Çocuklar için koruyucu aşı yapmak zorunda mıyım?

Şu anda birçoğu, çocuğun gerekli olmadığını belirterek bir çocuğu aşılamayı reddetmeye karar verdi. Ve aslında, çocuklar için koruyucu aşılar yapmanın gerekli olup olmadığı sorusu oldukça tartışmalıdır. Birçok kişi, aşı yaptırmamanın tek sıkıntısının anaokulu ve okulla ilgili sorun olduğuna inanmaktadır, çünkü yürürlükteki mevzuata rağmen, çoğu ebeveynin gerekli aşılar olmaksızın bu kurumlara kabulleri reddedilmektedir. Milyonlarca ebeveyn şimdi, bebeklerin aşılarının yan etki olmaksızın aşılamadığını bilerek, aşıların tavsiyelerinden bahsediyorlar.

Aşılanmaktan çok hasta olmak daha iyidir.

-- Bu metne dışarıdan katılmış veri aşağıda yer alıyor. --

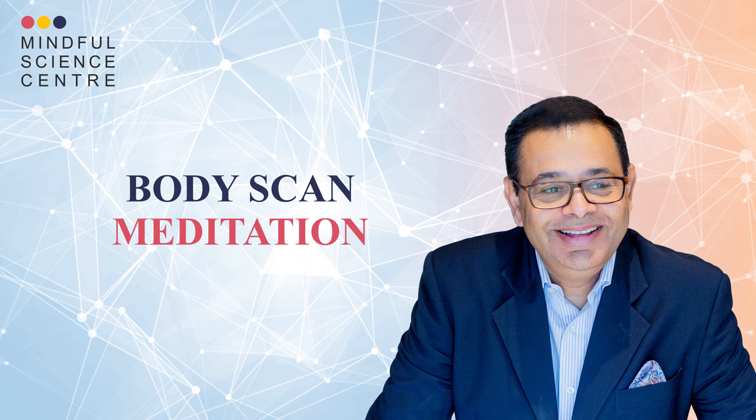Take one more relaxing inhale and exhale. And then, when you are ready, gently open your eyes. This is the end of the meditation.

Bazen, çocuklara yapılan aşılamaların, örneğin polio gibi bir hastalıktan, karşılaşmaları muhtemel olmayan hastalıklara maruz kaldıkları görülmektedir. Ve bebeğin, hala rahmindeyken, annenin bir zamanlar plasentadan sonra ve doğumdan sonra anne sütüyle geçirdiği hastalıklara karşı antikorlar aldığını belirtmek gerekir. Bu nedenle, ilk altı ay boyunca emziren çocuk, doğal bağışıklıkla korunurken, bebek yapay beslenmeye karşı bağışıklığa sahip değildir. Ayrıca, birkaç anne yaşamları için çeşitli bulaşıcı hastalıklar ile hasta, bu yüzden bu hastalıklara karşı hiçbir antikorları yoktur. Ancak, çoğu çocuklukta birçok hastalık ile çarpıştı ve başarılı bir şekilde iyileşti. Hastalıkların kolayca çocuğu baypas edebilmesi nedeniyle birçok kişi, aşılamadan sonra yan etkilere girmek yerine hastalığa sahip olmanın daha iyi olduğuna inanmaktadır.

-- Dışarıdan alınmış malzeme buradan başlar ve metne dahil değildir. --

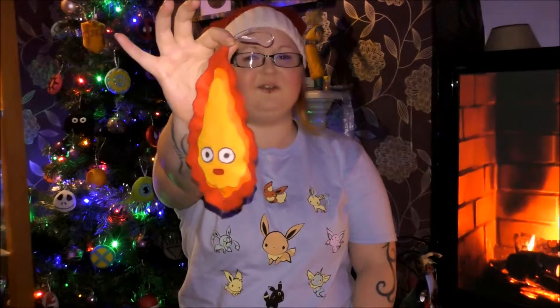Hi my little psychos and welcome to another Geek DIY, the series where I show you how to DIY geek style. In this video I am going to show you how to make this Ghibli inspired Calcifer tree ornament.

Çocuklukta hasta olmak daha kolaydır.

Bazı çocukların bile bazı hastalıklara sahip olmaları gerektiğine dair bir görüş vardır, çünkü çocuklukta aktarılması daha kolaydır. Ve bu doğru, ancak erken yaşlarda komplikasyonlara yol açabilecek hastalıklar var. Örneğin, binlerce kızamık hastalığı vakasından üçü ölümcül sonuçta sona erer. Ayrıca, kızamıkların beyni etkilediği durumlarda, hastalık yaşam boyu bir sakatlık, sağırlık veya körlük (kornea etkilendiğinde) gerektirir. Ancak, yine de, ebeveynlerin aşıları reddetmesinin ana nedeni, resmi tıbbın güvensizliğidir ve aşılamadan sonra ortaya çıkan komplikasyonlardan korkmadır. Ülkemizde çocukluğun ilk gününden itibaren aşılamaya başlamak geleneksel hale gelmiştir, bu nedenle çoğu hastalık yaygın değildir.

Oh, bu yan etkiler.

Kitlesel önleyici enjeksiyonlarla bağlantılı olarak, aşılanan kişilerin insidansının düştüğü, ancak enjeksiyondan sonraki yan etkilerin artmakta olduğu kaydedilebilir. Bu paradoksal gözlemlerle bağlantılı olarak, aşıların uygunluğundan şüphe duyan insan sayısı artar, bu kadar az sayıda insanın hasta olması durumunda, bu durumun da onları etkilemesi pek muhtemel değildir. Hasta çocukların sayısının, enjeksiyonların yan etkilerinden muzdarip çocuklardan çok daha az olduğu ortaya çıkıyor. Ancak bu yan etkiler, bazı hastalıkların gerektirdiği sonuçlarla hiçbir şekilde karşılaştırılamaz. Çoğu durumda, yan etkiler sıcaklıkta ve lokal kızarıklıkta hafif bir artış şeklinde ortaya çıkar. Tabii ki, daha karmaşık bir biçimde de olabilirler: baş ağrısı, kusma, öksürük ve yüksek ateş, ancak transfer edilen bulaşıcı hastalıklardan sonra olabilecek sonuçlarla bile kıyaslanamazlar.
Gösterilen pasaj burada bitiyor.